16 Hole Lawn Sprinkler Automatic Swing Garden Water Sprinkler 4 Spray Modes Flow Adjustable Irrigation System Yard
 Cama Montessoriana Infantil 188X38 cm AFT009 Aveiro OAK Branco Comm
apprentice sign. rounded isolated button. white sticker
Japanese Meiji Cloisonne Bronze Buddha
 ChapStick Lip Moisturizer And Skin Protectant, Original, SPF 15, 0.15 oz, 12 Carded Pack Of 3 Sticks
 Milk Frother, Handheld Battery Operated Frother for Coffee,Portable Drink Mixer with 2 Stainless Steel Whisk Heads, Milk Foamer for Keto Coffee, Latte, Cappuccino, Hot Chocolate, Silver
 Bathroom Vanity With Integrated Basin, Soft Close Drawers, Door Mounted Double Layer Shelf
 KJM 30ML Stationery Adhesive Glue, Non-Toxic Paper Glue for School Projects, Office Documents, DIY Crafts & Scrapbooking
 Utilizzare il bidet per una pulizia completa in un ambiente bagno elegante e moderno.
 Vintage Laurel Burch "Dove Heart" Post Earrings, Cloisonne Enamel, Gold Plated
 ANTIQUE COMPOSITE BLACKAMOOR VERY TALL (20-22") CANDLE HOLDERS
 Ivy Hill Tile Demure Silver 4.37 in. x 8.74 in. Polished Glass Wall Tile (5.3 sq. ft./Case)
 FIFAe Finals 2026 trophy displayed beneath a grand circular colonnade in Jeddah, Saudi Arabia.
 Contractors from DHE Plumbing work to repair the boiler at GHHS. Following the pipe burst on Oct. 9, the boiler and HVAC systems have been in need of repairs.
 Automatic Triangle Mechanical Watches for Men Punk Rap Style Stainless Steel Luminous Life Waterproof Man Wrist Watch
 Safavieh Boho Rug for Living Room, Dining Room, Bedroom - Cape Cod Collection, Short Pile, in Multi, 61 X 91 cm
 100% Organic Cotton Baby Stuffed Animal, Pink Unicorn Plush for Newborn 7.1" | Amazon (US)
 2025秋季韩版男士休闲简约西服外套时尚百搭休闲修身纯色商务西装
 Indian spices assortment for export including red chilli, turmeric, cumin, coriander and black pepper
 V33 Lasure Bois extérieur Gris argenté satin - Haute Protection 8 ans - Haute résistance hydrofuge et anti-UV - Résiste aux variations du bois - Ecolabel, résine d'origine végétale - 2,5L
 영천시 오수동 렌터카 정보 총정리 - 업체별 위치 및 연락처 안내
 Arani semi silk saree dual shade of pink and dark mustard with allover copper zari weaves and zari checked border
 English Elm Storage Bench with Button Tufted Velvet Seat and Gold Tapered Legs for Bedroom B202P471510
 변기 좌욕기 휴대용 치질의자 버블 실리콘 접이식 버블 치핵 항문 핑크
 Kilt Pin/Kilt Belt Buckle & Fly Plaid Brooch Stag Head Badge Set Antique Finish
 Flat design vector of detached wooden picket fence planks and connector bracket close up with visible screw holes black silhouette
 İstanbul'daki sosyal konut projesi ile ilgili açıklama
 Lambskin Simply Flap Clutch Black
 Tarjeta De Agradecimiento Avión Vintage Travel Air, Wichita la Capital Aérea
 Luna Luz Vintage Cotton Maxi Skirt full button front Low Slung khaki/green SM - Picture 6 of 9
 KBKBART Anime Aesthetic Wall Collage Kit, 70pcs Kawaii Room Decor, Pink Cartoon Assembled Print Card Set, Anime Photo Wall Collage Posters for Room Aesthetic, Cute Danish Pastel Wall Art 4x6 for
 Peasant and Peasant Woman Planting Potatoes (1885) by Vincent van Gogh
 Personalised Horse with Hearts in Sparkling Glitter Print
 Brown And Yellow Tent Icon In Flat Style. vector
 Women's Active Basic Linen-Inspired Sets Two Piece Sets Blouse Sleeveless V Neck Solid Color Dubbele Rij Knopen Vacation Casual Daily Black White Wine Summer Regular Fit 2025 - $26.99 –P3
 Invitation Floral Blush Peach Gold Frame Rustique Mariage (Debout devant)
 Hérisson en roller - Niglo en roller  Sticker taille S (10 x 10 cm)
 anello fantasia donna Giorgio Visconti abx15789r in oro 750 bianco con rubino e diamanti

□ □ □ □ □

Your goal -> Return all the lines shown above, precisely as they stand.

Answer for the task ->
16 Hole Lawn Sprinkler Automatic Swing Garden Water Sprinkler 4 Spray Modes Flow Adjustable Irrigation System Yard
 Cama Montessoriana Infantil 188X38 cm AFT009 Aveiro OAK Branco Comm
apprentice sign. rounded isolated button. white sticker
Japanese Meiji Cloisonne Bronze Buddha
 ChapStick Lip Moisturizer And Skin Protectant, Original, SPF 15, 0.15 oz, 12 Carded Pack Of 3 Sticks
 Milk Frother, Handheld Battery Operated Frother for Coffee,Portable Drink Mixer with 2 Stainless Steel Whisk Heads, Milk Foamer for Keto Coffee, Latte, Cappuccino, Hot Chocolate, Silver
 Bathroom Vanity With Integrated Basin, Soft Close Drawers, Door Mounted Double Layer Shelf
 KJM 30ML Stationery Adhesive Glue, Non-Toxic Paper Glue for School Projects, Office Documents, DIY Crafts & Scrapbooking
 Utilizzare il bidet per una pulizia completa in un ambiente bagno elegante e moderno.
 Vintage Laurel Burch "Dove Heart" Post Earrings, Cloisonne Enamel, Gold Plated
 ANTIQUE COMPOSITE BLACKAMOOR VERY TALL (20-22") CANDLE HOLDERS
 Ivy Hill Tile Demure Silver 4.37 in. x 8.74 in. Polished Glass Wall Tile (5.3 sq. ft./Case)
 FIFAe Finals 2026 trophy displayed beneath a grand circular colonnade in Jeddah, Saudi Arabia.
 Contractors from DHE Plumbing work to repair the boiler at GHHS. Following the pipe burst on Oct. 9, the boiler and HVAC systems have been in need of repairs.
 Automatic Triangle Mechanical Watches for Men Punk Rap Style Stainless Steel Luminous Life Waterproof Man Wrist Watch
 Safavieh Boho Rug for Living Room, Dining Room, Bedroom - Cape Cod Collection, Short Pile, in Multi, 61 X 91 cm
 100% Organic Cotton Baby Stuffed Animal, Pink Unicorn Plush for Newborn 7.1" | Amazon (US)
 2025秋季韩版男士休闲简约西服外套时尚百搭休闲修身纯色商务西装
 Indian spices assortment for export including red chilli, turmeric, cumin, coriander and black pepper
 V33 Lasure Bois extérieur Gris argenté satin - Haute Protection 8 ans - Haute résistance hydrofuge et anti-UV - Résiste aux variations du bois - Ecolabel, résine d'origine végétale - 2,5L
 영천시 오수동 렌터카 정보 총정리 - 업체별 위치 및 연락처 안내
 Arani semi silk saree dual shade of pink and dark mustard with allover copper zari weaves and zari checked border
 English Elm Storage Bench with Button Tufted Velvet Seat and Gold Tapered Legs for Bedroom B202P471510
 변기 좌욕기 휴대용 치질의자 버블 실리콘 접이식 버블 치핵 항문 핑크
 Kilt Pin/Kilt Belt Buckle & Fly Plaid Brooch Stag Head Badge Set Antique Finish
 Flat design vector of detached wooden picket fence planks and connector bracket close up with visible screw holes black silhouette
 İstanbul'daki sosyal konut projesi ile ilgili açıklama
 Lambskin Simply Flap Clutch Black
 Tarjeta De Agradecimiento Avión Vintage Travel Air, Wichita la Capital Aérea
 Luna Luz Vintage Cotton Maxi Skirt full button front Low Slung khaki/green SM - Picture 6 of 9
 KBKBART Anime Aesthetic Wall Collage Kit, 70pcs Kawaii Room Decor, Pink Cartoon Assembled Print Card Set, Anime Photo Wall Collage Posters for Room Aesthetic, Cute Danish Pastel Wall Art 4x6 for
 Peasant and Peasant Woman Planting Potatoes (1885) by Vincent van Gogh
 Personalised Horse with Hearts in Sparkling Glitter Print
 Brown And Yellow Tent Icon In Flat Style. vector
 Women's Active Basic Linen-Inspired Sets Two Piece Sets Blouse Sleeveless V Neck Solid Color Dubbele Rij Knopen Vacation Casual Daily Black White Wine Summer Regular Fit 2025 - $26.99 –P3
 Invitation Floral Blush Peach Gold Frame Rustique Mariage (Debout devant)
 Hérisson en roller - Niglo en roller  Sticker taille S (10 x 10 cm)
 anello fantasia donna Giorgio Visconti abx15789r in oro 750 bianco con rubino e diamanti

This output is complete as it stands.